FIGURE 1: Sample plots from sPLS-DA performed on the SRBCT gene expression data including 95% confidence ellipses. Samples are projected into the space spanned by the first three components. (a) Components 1 and 2 and (b) Components 1 and 3. Samples are coloured by their tumour subtypes.
The equivalent plots using the permuted labels can be seen in Figure 2. There is a stark decrease in the quality of separation of classes. Large degrees of overlap are present across all three components. The lack of distinction between the classes is a key indicator of a failure of the sPLS-DA methodology to produce useful components.
FIGURE 2: Sample plots from sPLS-DA performed on the SRBCT gene expression data after class label permutation. Samples are projected into the space spanned by the first three components. (a) Components 1 and 2 and (b) Components 1 and 3.
Variable Plots
Next, the correlation circle plots will be evaluated. The features of the permuted data seemingly have a lower average, absolute correlation with the sPLS-DA components. The clusters of features are also more dispersed. Separation of these features along the first component is severely reduced.
In combination, Figures 1 and 3 provide useful insights into what features are associated with specific class labels (ie. features positively correlated with the first component are likely key features in defining the BL
class). The same inferences cannot be made using the permuted form of this data (Figures 2 and 4).
FIGURE 3: Correlation circle plot representing the genes selected by sPLS-DA performed on the SRBCT gene expression data. Gene names are truncated to the first 10 characters. Only the genes selected by sPLS-DA are shown in components 1 and 2.
FIGURE 4: Correlation circle plot representing the genes selected by sPLS-DA performed on the SRBCT gene expression data after class label permutation. Gene names are truncated to the first 10 characters. Only the genes selected by sPLS-DA are shown in components 1 and 2.
Prediction Performance
Cross validated error rate is usually the best way to evaluate the performance of a sPLS-DA model [1]. It is the key indicator of when it is appropriate to use this type of model. Other metrics such as precision, recall and the F1 score are also useful indicators, but are secondary to that of the error rate.

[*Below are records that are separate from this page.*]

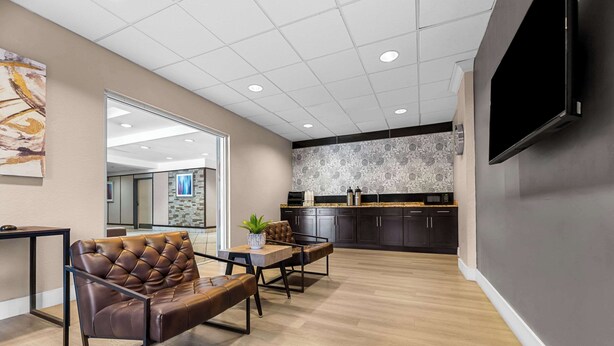 A modern interior with a seating area, a kitchen, and a large TV on the wall.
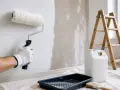 Mano guantata stuccare una parete prima di pitturare con rullo. Attrezzi da lavoro e scala sullo sfondo.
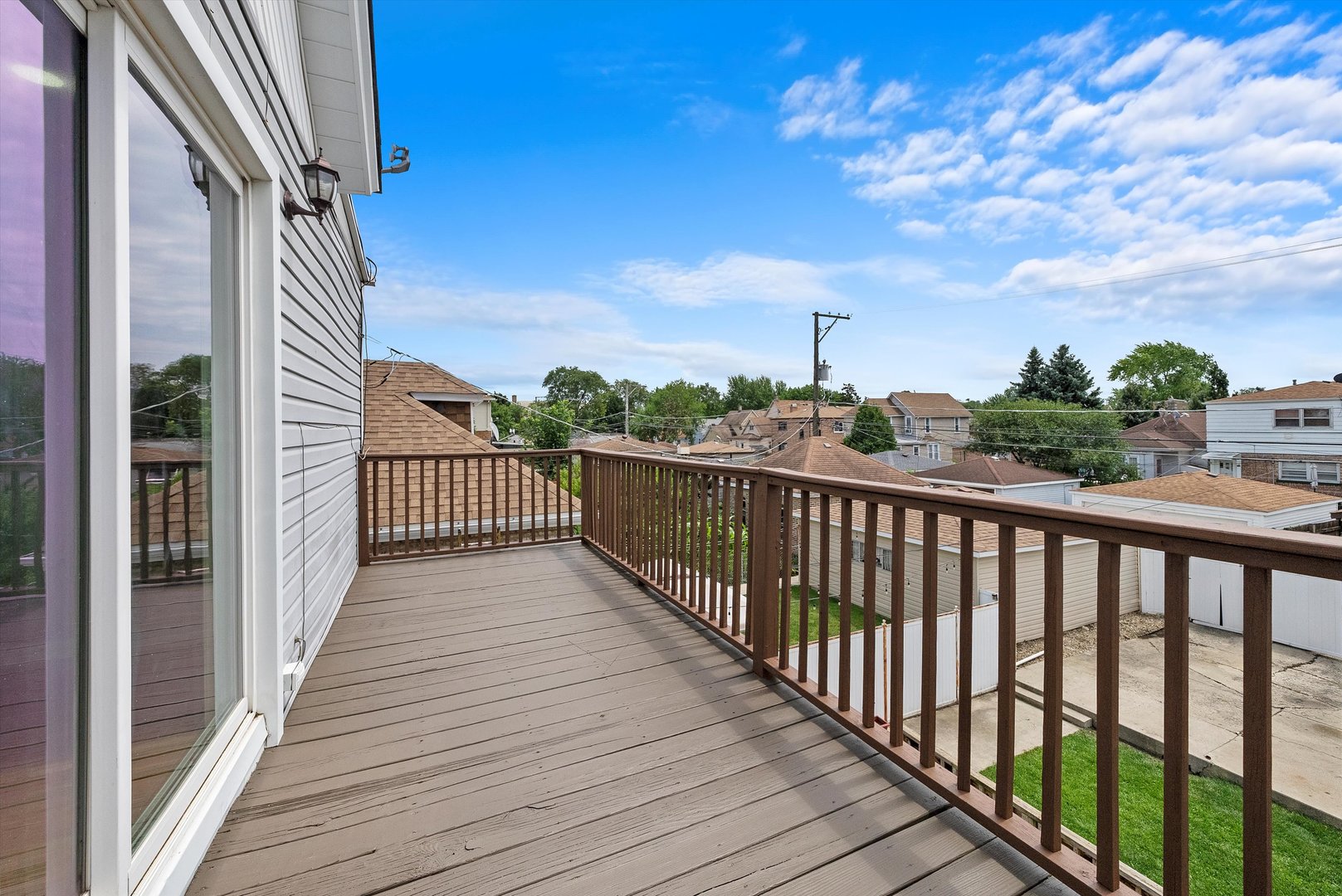 3343 West 59th Place, Unit 2 Chicago, IL 60629 - Photo 2 of 10 a view of a balcony with wooden floor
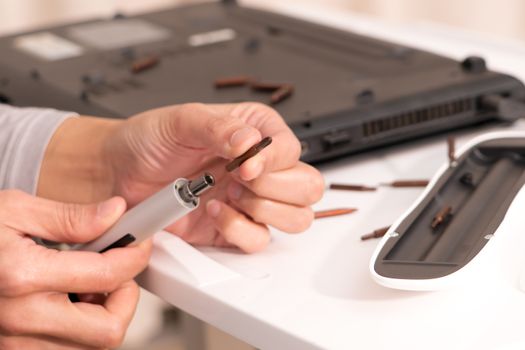 focus on women hand hold the screw driver to repair the laptop, repair and maintenance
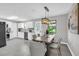 Contemporary kitchen with stainless steel appliances, granite counters, and white cabinetry at 6607 Forestdale Ln, Douglasville, GA 30135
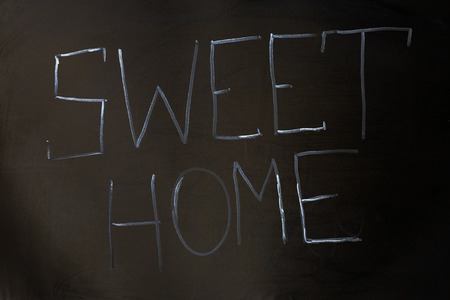 Sweet Home inscription on black backgroundの写真素材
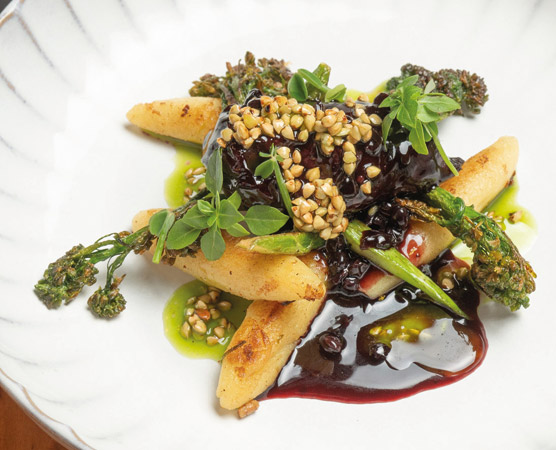 Ein Teller mit gebratenen, goldbraunen Stücken, garniert mit einer fruchtigen Sauce aus dunklen Beeren. Dazu sind grüne Gemüsestreifen und knuspere Kräuter dekoriert, die dem Gericht eine frische Note verleihen. Die Anordnung ist ansprechend und farbenfroh.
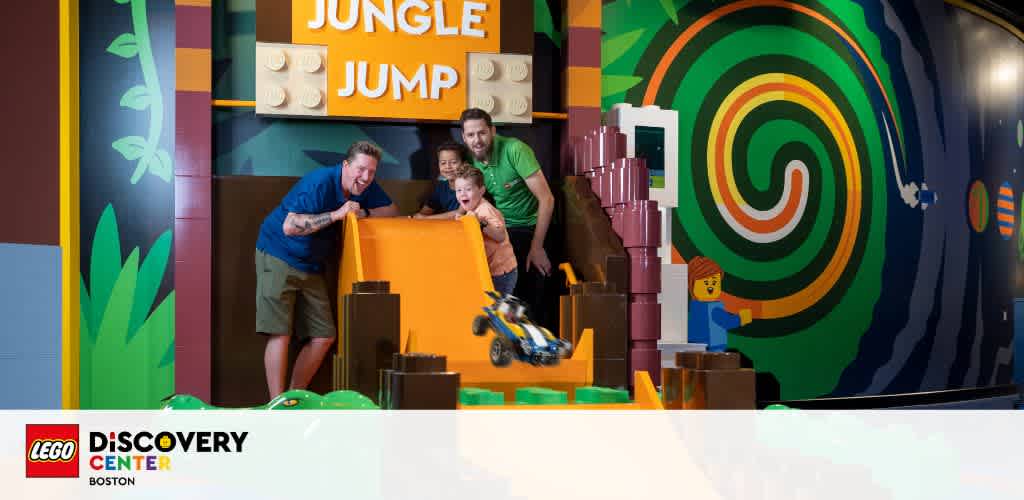 At the LEGO Discovery Center in Boston, three people enjoy a vibrant LEGOLAND Jungle Jump attraction. A thrill of joy is evident as they launch a LEGO car off a ramp amidst large LEGO blocks and colorful jungle-themed decorations.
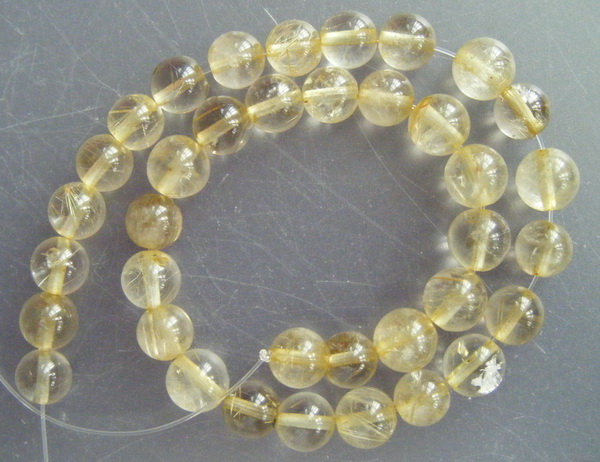 เม็ดหิน "แก้วไหมทอง" ขนาด 7 ม.ม. จำนวน 35 เม็ด สำหรับใช้ประกอบร้อยสร้อย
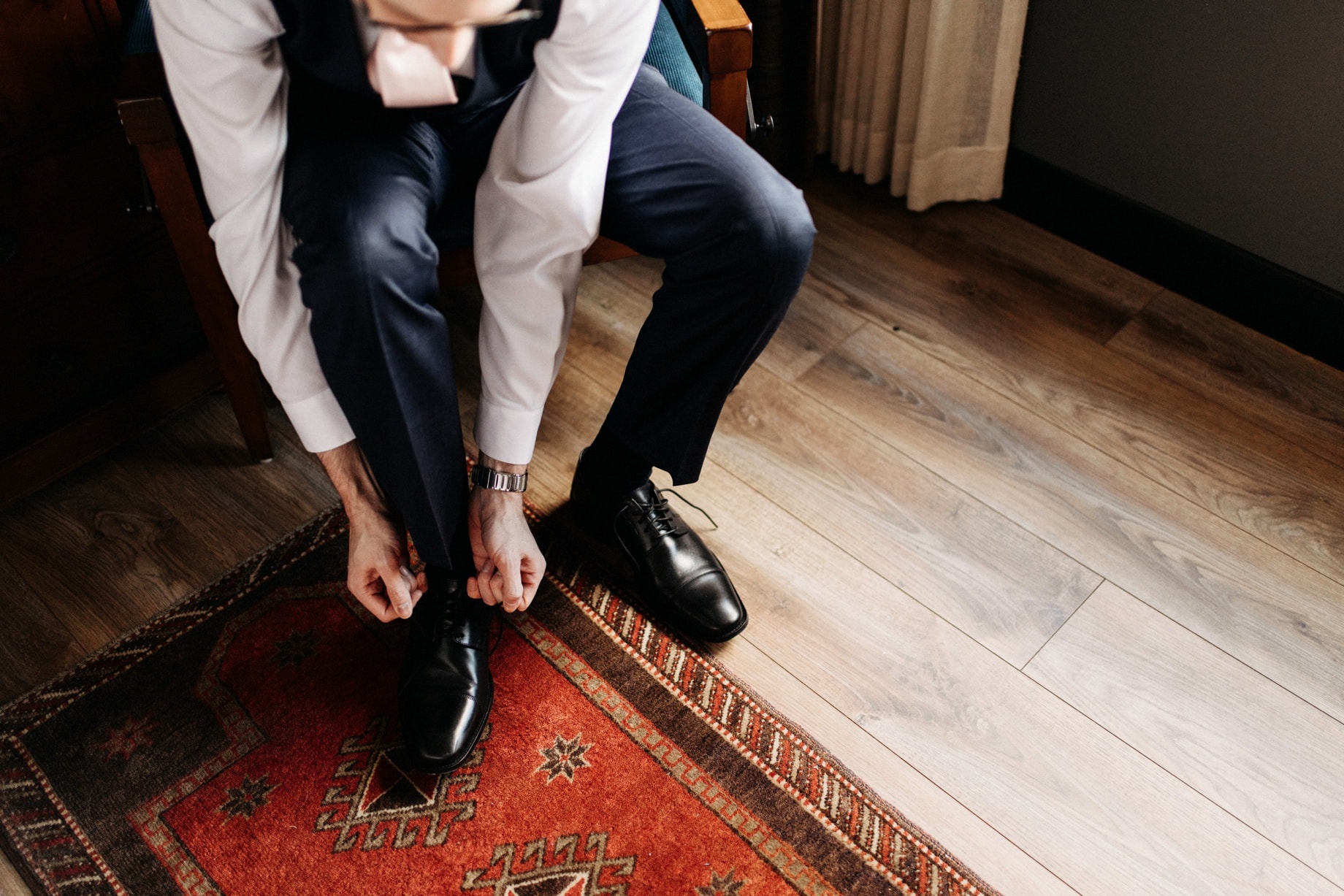 Groom putting on shoes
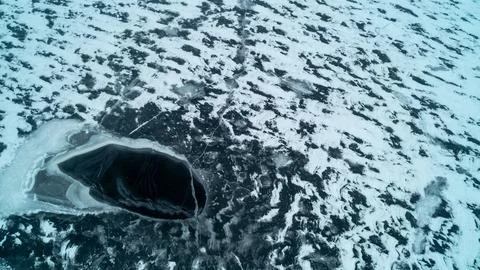 Top Down View of Black Ice Hole and Slush Textures on Frozen Winter Lake Stock Photos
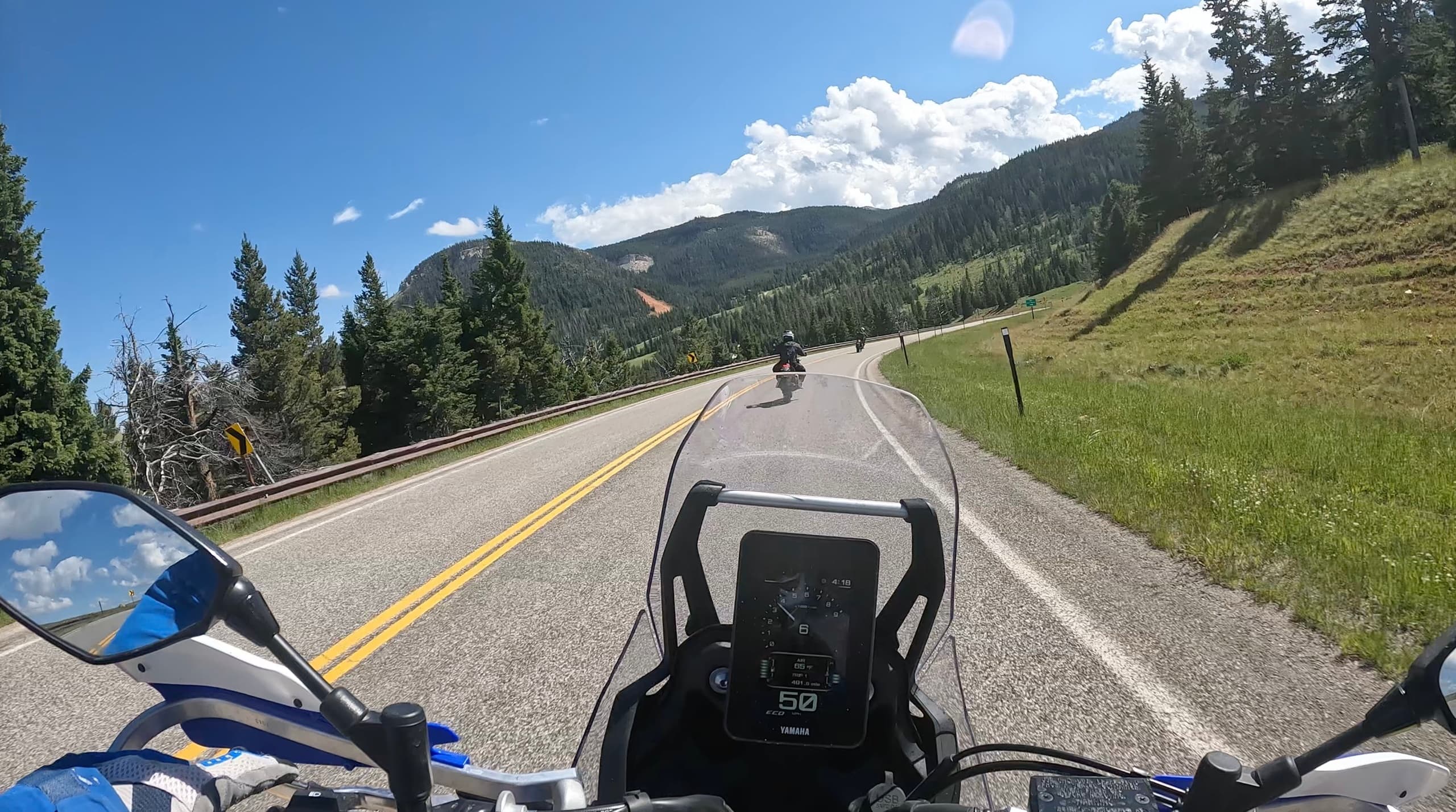 Motorcycle cockpit riding scenic mountain highway through pine forests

Across 5 folds and 100 repeats, these four performance metrics are shown for each of the classes.
## [1] "Normal model performance metrics" ## EWS BL NB RMS ## error 0.03716667 0.01316667 0.01183333 0.0265000 ## precision 0.96208095 0.81416667 0.91503333 0.9543905 ## recall 0.93469048 0.83733333 0.93926667 0.9567524 ## f1 0.94039082 0.81886667 0.92013333 0.9487594 ## [1] "Permuted model performance metrics" ## RMS EWS NB BL ## error 0.4238333 0.5235000 0.38550000 0.30416667 ## precision 0.2647262 0.2745008 0.05478333 0.02640476 ## recall 0.2320190 0.2574071 0.06326667 0.03700000 ## f1 0.2216599 0.2381645 0.05078759 0.02645714
It is clear that in the permuted case, all these metrics worsen (ie. error increases; precision, recall and F1 decrease). In the normal case, there is a set of signal features, each of which are involved in defining one or more classes from the remaining classes. By permuting the labels, the samples which allowed the model to determine which features were associated with defining a specific class are no longer part of that class. This mimics data that has few signal features, representing the case where sPLS-DA becomes an ineffective classifier and feature selection tool.